18:18:00 <mjg> if you read the inode pointer more than once... ooops
18:18:00 <mjg> you might have done some shit based on the one pointer, and some shit based on the other
18:19:00 <mjg> so you make sure to READ_ONCE and stick with it
18:19:00 <nikolapdp> mjg what does READ_ONCE do exactly
18:19:00 <mjg> in this context prevents the compiler from fucking with that load
18:20:00 <mjg> issuing it multiple times 'n shit
18:20:00 <nikolapdp> so something like a read and a compiler barrier or something
18:20:00 <heat> i'm worried with just the basic race i mentioned
18:20:00 <heat> unlink/open, with unlink doing d_inode = NULL and open grabbing a dying inode
18:20:00 <heat> or dead inode
18:21:00 <heat> i'm not sure if i actually need a sequence counter there, but i definitely need get_if_not_zero with some rcu protection around that
18:21:00 <mjg> you need seq at the end to validate the association
18:22:00 <mjg> i presume you change it when modifying d_inode
18:22:00 <mjg> fwiw ONYX can probably implement fully-scale rcu usage very easily
18:22:00 <mjg> because you don't have to deal with this shit
18:23:00 <mjg> LSM et al
18:23:00 <heat> i dont have a d_seq yet
18:23:00 <heat> but yes, that's the plan
18:23:00 <mjg> q:S
18:23:00 <mjg> that's bad mon
18:23:00 <mjg> correctness first
18:23:00 <mjg> unless you are read-write locking around right now
18:23:00 <heat> why correctness? i don't have rcu walking yet
18:23:00 <mjg> ye ok
18:24:00 <mjg> PESSIM^Wmakes sense
18:26:00 <heat> OH this is actually not a race here, i lock the last parent dir's inode shared
18:26:00 <heat> so i can't just unlink it while open is looking at it
18:26:00 <heat> this might be a problem for other syscalls though, but not open
18:30:00 <mjg> so are you faster than illumos at path lookup?

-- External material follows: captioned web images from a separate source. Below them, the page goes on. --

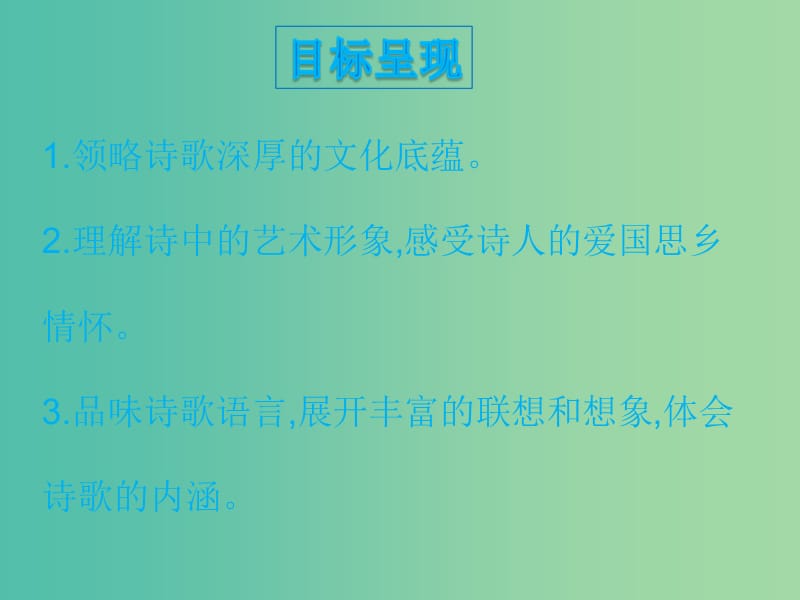 九年级语文下册 第一单元 4《外国诗两首》课件（2）（新版）新人教版.ppt_第2页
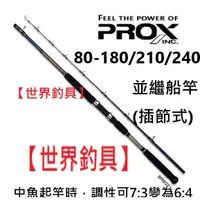 在飛比找蝦皮購物優惠-【世界釣具】日本PROX BLUE RUNNER BR船竿 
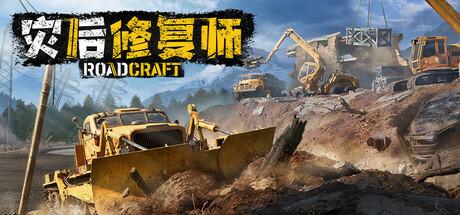 灾后修复师（RoadCraft）官方中文 v0.1.D1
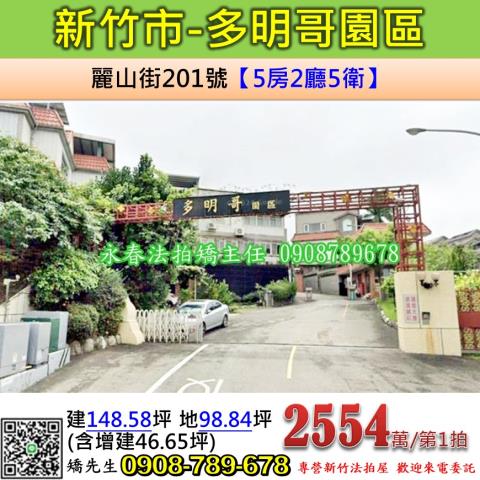 新竹香山法拍屋拍賣-0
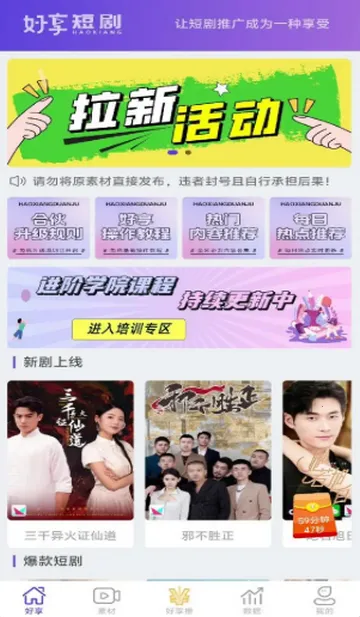 �����̾�v1.2.1 ��Ѱ��ͼ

18:30:00 <mjg> you very plausibly already are
18:30:00 <mjg> since they take mutexen all the way
18:33:00 <mjg> tell you what mofo give me an up to date snap
18:59:00 <heat> what for
19:00:00 * geist yawns
19:01:00 <heat> hello geist
19:01:00 <heat> you're safe, the fireworks are gone
19:01:00 <geist> the explosions continued far into the night
19:01:00 <heat> ohno
19:01:00 <geist> like 3am
19:07:00 <zid> win any fingers?
19:25:00 <geist> still have all of em!
19:50:00 <heat> there's a particularly awful trick i need to pull off here with procfs
19:50:00 <heat> pid entries and associated subentries need to have lazy inode numbers
19:50:00 <heat> basically schordinger's inode :)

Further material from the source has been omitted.